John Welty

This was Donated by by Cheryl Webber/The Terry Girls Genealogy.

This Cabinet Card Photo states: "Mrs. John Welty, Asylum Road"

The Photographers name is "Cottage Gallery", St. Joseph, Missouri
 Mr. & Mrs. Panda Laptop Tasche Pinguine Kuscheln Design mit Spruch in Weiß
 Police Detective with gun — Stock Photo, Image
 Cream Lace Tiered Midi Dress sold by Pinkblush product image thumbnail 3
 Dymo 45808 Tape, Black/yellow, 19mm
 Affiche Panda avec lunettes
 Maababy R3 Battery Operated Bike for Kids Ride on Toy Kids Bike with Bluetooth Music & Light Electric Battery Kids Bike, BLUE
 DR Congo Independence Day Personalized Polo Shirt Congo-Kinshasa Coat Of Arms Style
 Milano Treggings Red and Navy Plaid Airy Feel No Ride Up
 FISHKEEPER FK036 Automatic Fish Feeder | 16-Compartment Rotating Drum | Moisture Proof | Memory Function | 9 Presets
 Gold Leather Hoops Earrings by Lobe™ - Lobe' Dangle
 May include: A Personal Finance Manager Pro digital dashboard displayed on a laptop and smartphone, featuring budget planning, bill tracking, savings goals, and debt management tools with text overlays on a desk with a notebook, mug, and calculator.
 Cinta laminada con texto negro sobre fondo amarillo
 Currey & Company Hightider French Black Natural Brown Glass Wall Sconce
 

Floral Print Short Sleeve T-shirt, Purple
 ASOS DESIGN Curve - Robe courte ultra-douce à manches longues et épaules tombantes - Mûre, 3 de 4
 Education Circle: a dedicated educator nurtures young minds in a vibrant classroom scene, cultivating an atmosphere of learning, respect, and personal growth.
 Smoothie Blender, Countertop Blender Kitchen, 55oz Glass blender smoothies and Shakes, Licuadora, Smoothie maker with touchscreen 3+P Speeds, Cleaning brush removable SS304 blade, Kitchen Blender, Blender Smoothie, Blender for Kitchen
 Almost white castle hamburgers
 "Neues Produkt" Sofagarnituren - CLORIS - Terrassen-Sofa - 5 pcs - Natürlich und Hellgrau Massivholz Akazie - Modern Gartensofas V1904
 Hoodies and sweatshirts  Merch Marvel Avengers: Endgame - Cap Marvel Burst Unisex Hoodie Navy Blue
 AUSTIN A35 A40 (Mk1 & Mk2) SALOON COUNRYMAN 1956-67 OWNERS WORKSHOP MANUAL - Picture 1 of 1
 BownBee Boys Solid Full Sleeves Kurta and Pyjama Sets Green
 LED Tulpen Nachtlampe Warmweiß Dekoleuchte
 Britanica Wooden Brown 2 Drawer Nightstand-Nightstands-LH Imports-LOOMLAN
......
## TASK REQUIREMENTS:
Everything from the line with "AUSTIN A35 A40" to the last line of the data is what to return, word for word; leave out the rest.

## RESULT OF THE TASK:
 AUSTIN A35 A40 (Mk1 & Mk2) SALOON COUNRYMAN 1956-67 OWNERS WORKSHOP MANUAL - Picture 1 of 1
 BownBee Boys Solid Full Sleeves Kurta and Pyjama Sets Green
 LED Tulpen Nachtlampe Warmweiß Dekoleuchte
 Britanica Wooden Brown 2 Drawer Nightstand-Nightstands-LH Imports-LOOMLAN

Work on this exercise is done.